Ich ging nach unten und sagte: «Adams Zimmer sieht prima aus.»
Sie erwiderte abwesend: «Ja, ich mag es, wenn Zimmer schön aussehen», aber sie blickte plötzlich besorgt auf Ben.
Ben sortierte auf dem Tisch seine Bücher - Schule und Freizeit. Ohne einen von uns anzusehen, sagte er: «Kommt Hetty heute noch?»
Ich nickte, doch an meinem geistigen Auge zogen die Klischees des Illustriertenromans vorbei: Emily, jung, behindert und wunderhübsch, ist verliebt in Ben. Aber Ben, jung, aschblond und dieses Jahr nur auf Kernphysik stehend, interessiert sich mehr für Hetty. Hetty, Ende Dreißig, umwerfend attraktive Karrierefrau, spielt mit Ben, ist aber verliebt in einen italienischen Multimillionär.

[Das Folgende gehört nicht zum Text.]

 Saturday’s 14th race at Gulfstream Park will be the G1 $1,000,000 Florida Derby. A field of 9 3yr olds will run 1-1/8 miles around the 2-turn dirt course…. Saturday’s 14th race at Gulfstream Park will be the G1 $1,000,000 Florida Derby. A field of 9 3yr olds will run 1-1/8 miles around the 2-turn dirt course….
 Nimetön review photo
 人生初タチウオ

Adam, braunäugig, gutmütig und einsam, ist verliebt in Emily, und... Was konnte ich über mich sagen, damit der Leser wußte, «Was bisher geschah»? Außer daß ich am Rand einiger trächtiger Vulkane saß und es nicht abwarten konnte, zu einem Trödelmarkt des Pfadfinderhilfswerks zu fahren?
Liebe ist die Essenz des Lebens, doch was geschieht, wenn die Liebe nicht erwidert wird? Immerhin beweist all das letzten Endes, daß Illustriertenromane gewöhnlich einen wahren Kern haben.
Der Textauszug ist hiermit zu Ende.